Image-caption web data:
^^^^

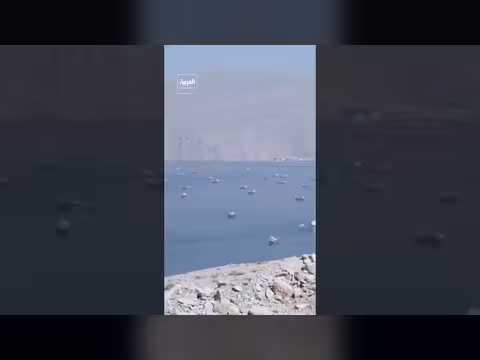 مسار هرمز مغلق لوجود ألغام
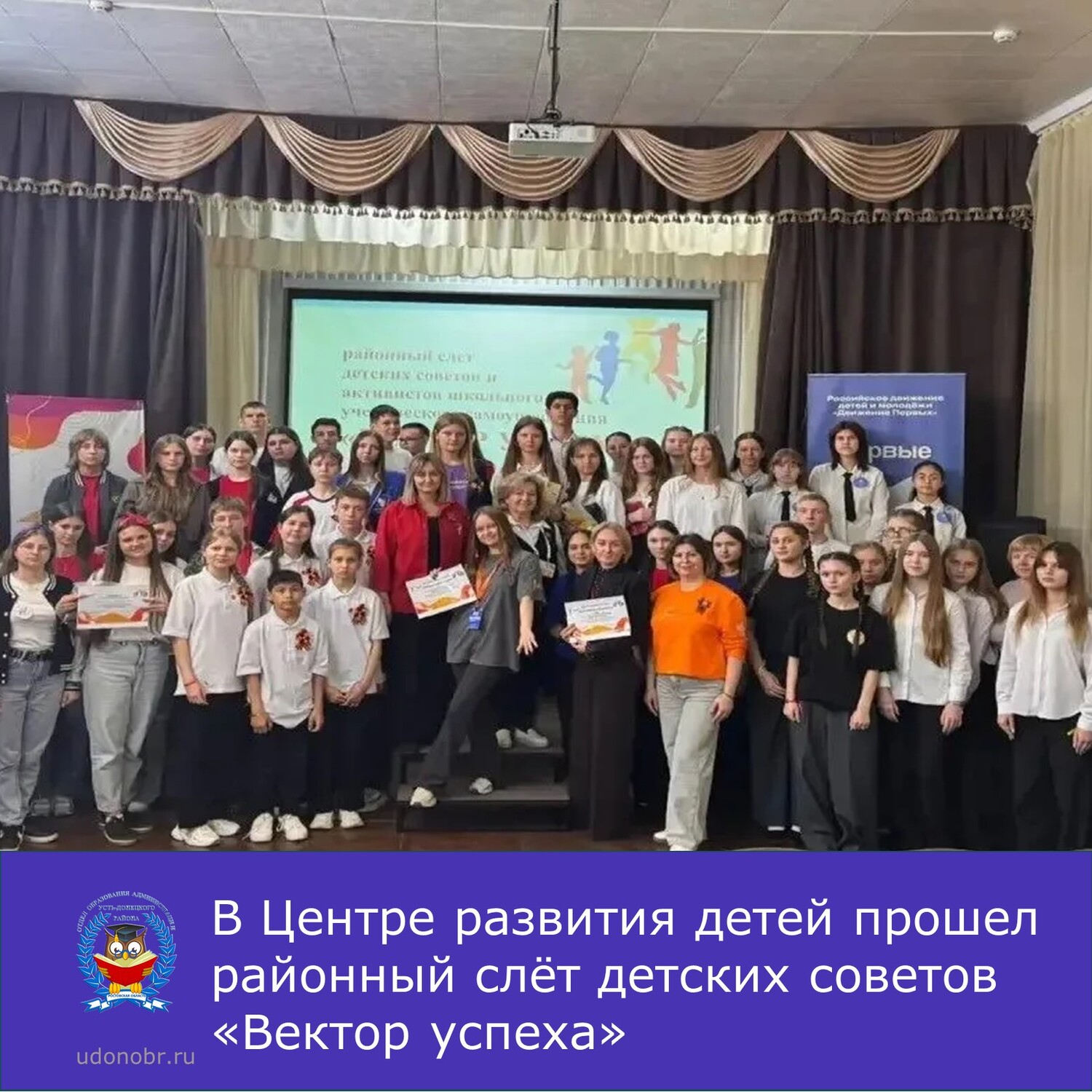 В Центре развития детей прошел районный слёт детских советов «Вектор успеха»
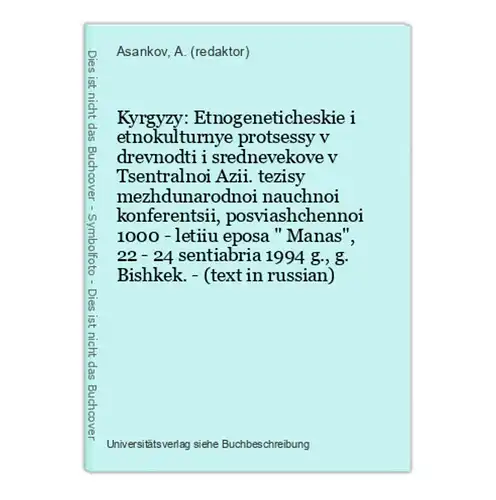 Kyrgyzy: Etnogeneticheskie i etnokulturnye protsessy v drevnodti i srednevekove v Tsentralnoi Azii. tezisy mez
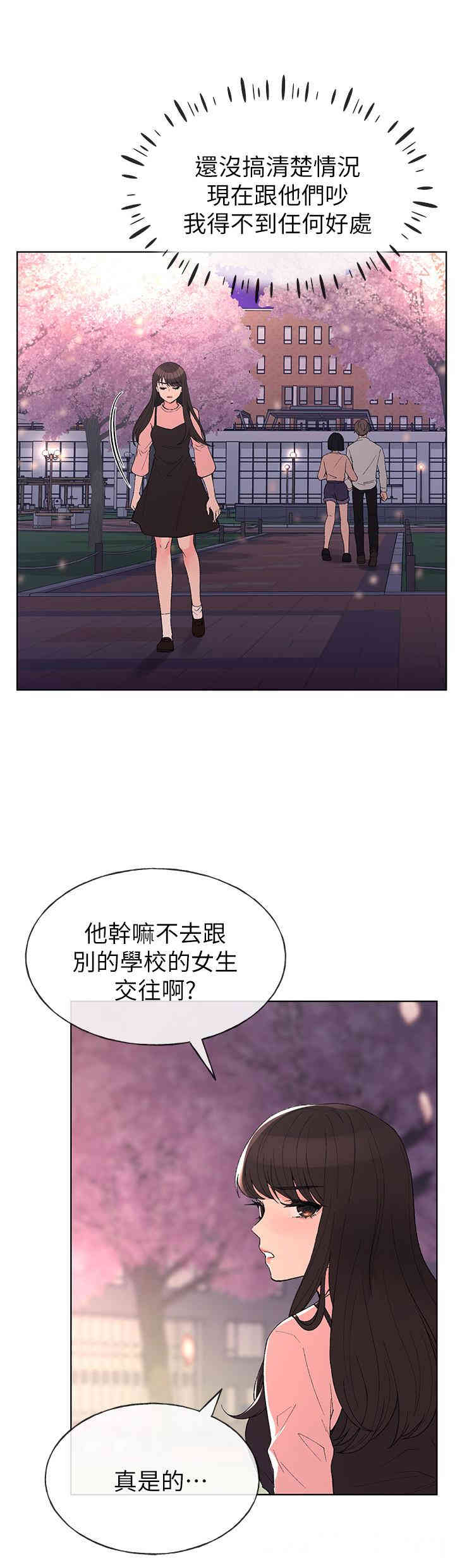 第7张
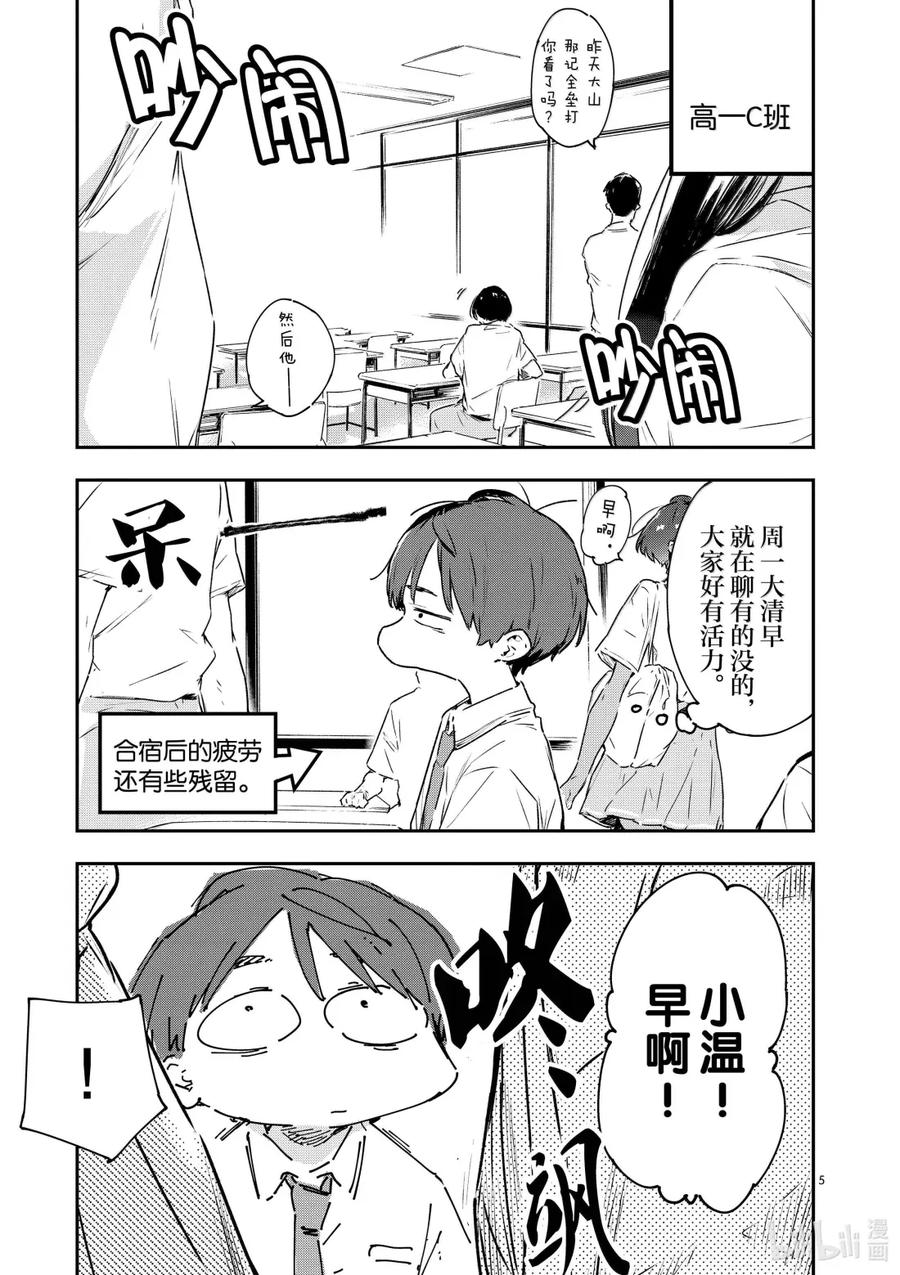 第十二败当你凝视败犬女主，败犬女主也在凝视你-败犬女主太多了！@comic-雨森焚火,IMIGIMURU,いたち,小学馆（第9张）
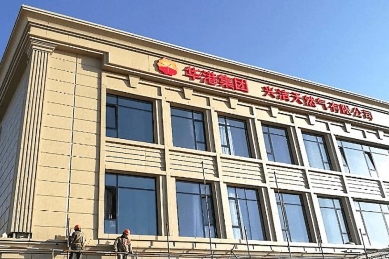 內(nèi)蒙興潔天然氣基地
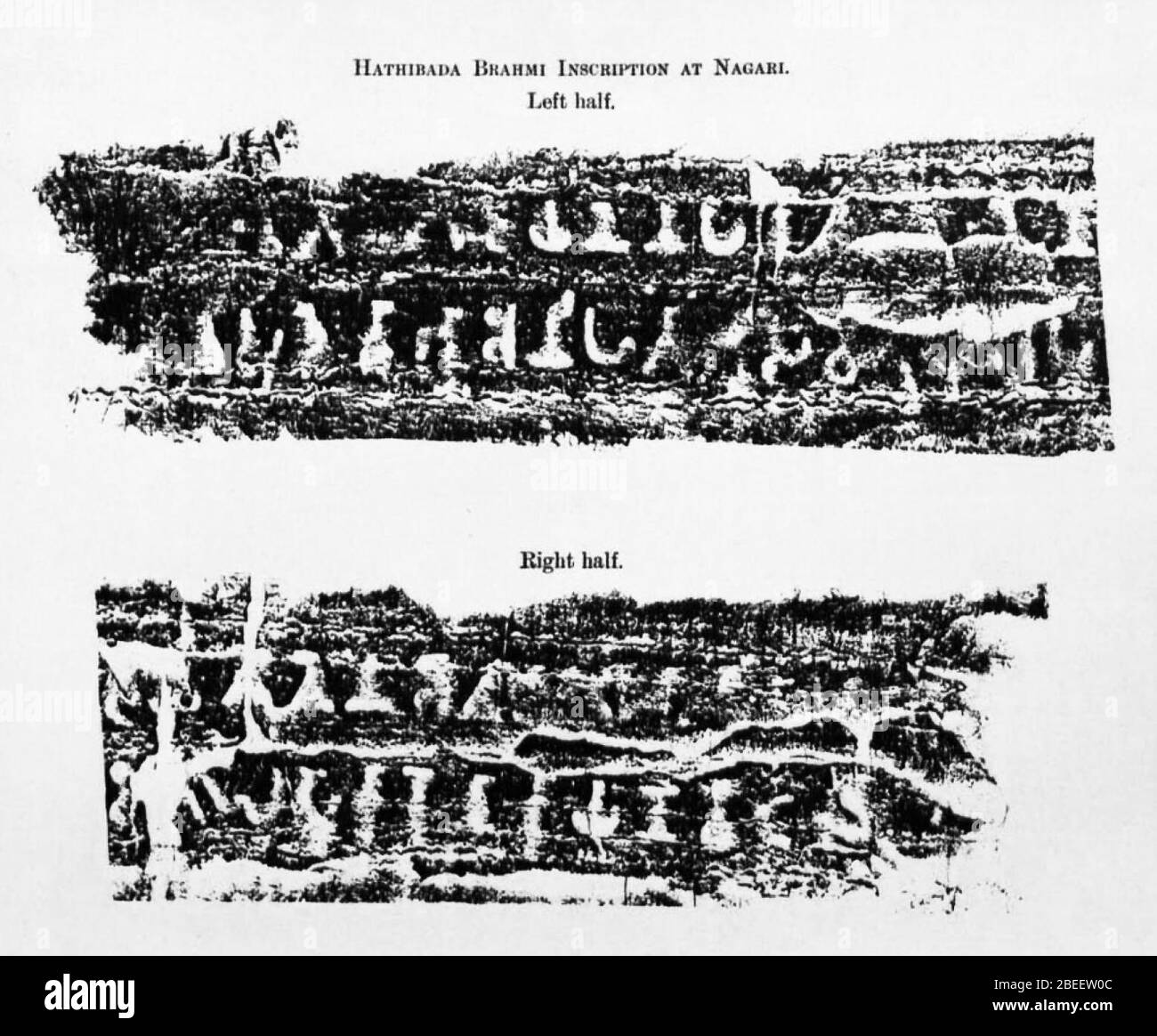 Hathibada Brahmi Inscription at Nagari, Hinduism Sanskrit India Stock ...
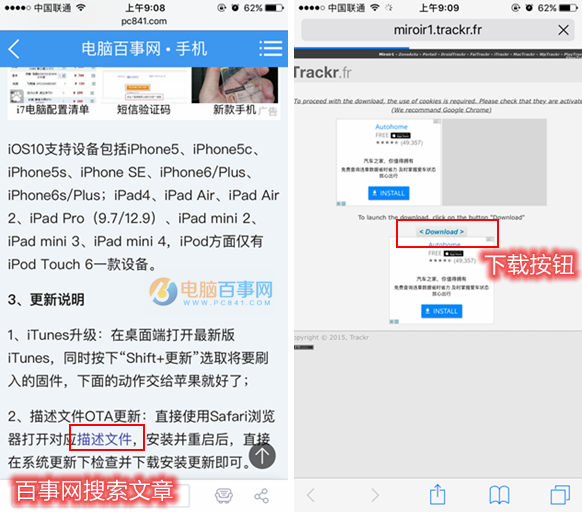 iOS10.2 Beta3怎麼更新/升級 iOS10.2 Beta3更新升級圖文教程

^^^^

§ What is expected
Working from the records above, reproduce exactly the lines from the one with "第十二败当你凝视败犬女主，败" through the last line, without the pictures.

§ Output
 第十二败当你凝视败犬女主，败犬女主也在凝视你-败犬女主太多了！@comic-雨森焚火,IMIGIMURU,いたち,小学馆（第9张）
 內(nèi)蒙興潔天然氣基地
 Hathibada Brahmi Inscription at Nagari, Hinduism Sanskrit India Stock ...
 iOS10.2 Beta3怎麼更新/升級 iOS10.2 Beta3更新升級圖文教程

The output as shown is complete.